| About this exercise |
The required output is the lines from the one with "Three 1200 Series Costumes for Barbie 80/150" through the end of the data, repeated verbatim, with no pictures included.

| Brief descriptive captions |
○ ○ ○ ○ ○ ○ ○

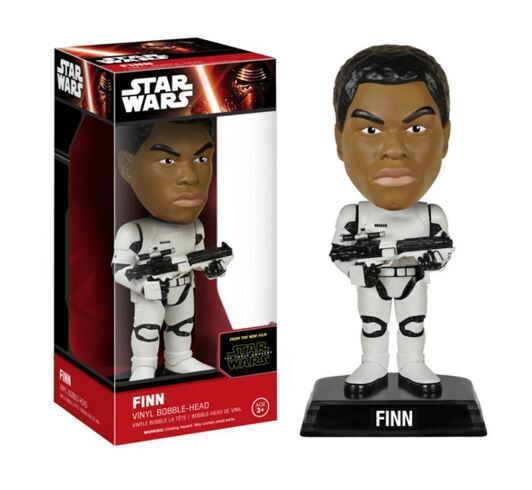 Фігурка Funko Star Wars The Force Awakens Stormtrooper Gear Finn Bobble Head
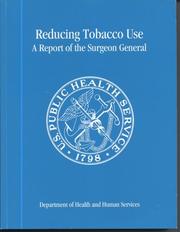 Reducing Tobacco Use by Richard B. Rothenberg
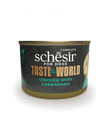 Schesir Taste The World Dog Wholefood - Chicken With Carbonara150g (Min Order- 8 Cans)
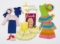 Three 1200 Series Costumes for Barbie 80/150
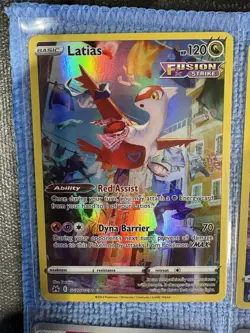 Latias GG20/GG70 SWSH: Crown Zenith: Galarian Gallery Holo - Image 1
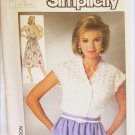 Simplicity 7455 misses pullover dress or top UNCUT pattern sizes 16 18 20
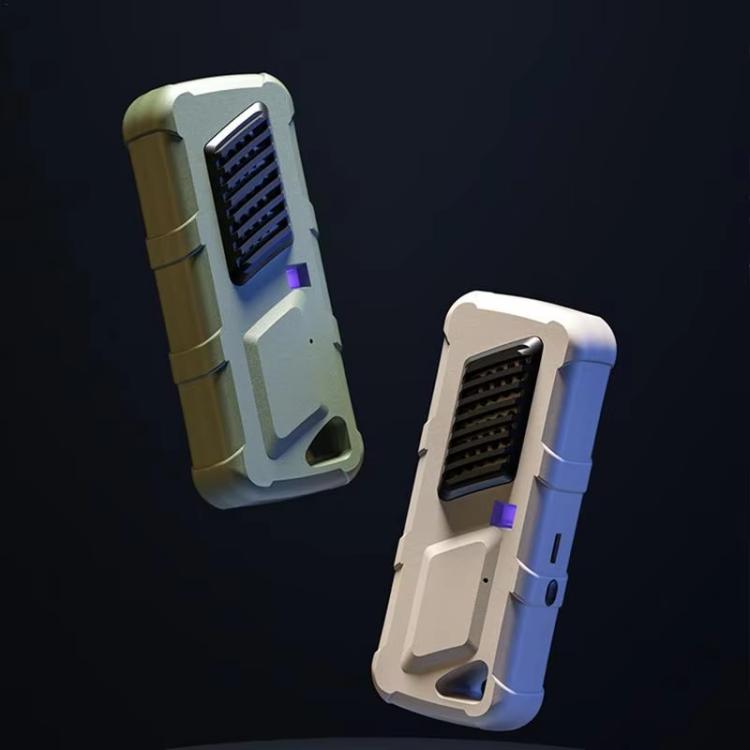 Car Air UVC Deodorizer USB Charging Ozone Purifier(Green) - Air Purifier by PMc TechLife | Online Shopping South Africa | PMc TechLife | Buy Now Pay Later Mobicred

○ ○ ○ ○ ○ ○ ○

| Finished task |
 Three 1200 Series Costumes for Barbie 80/150
 Latias GG20/GG70 SWSH: Crown Zenith: Galarian Gallery Holo - Image 1
 Simplicity 7455 misses pullover dress or top UNCUT pattern sizes 16 18 20
 Car Air UVC Deodorizer USB Charging Ozone Purifier(Green) - Air Purifier by PMc TechLife | Online Shopping South Africa | PMc TechLife | Buy Now Pay Later Mobicred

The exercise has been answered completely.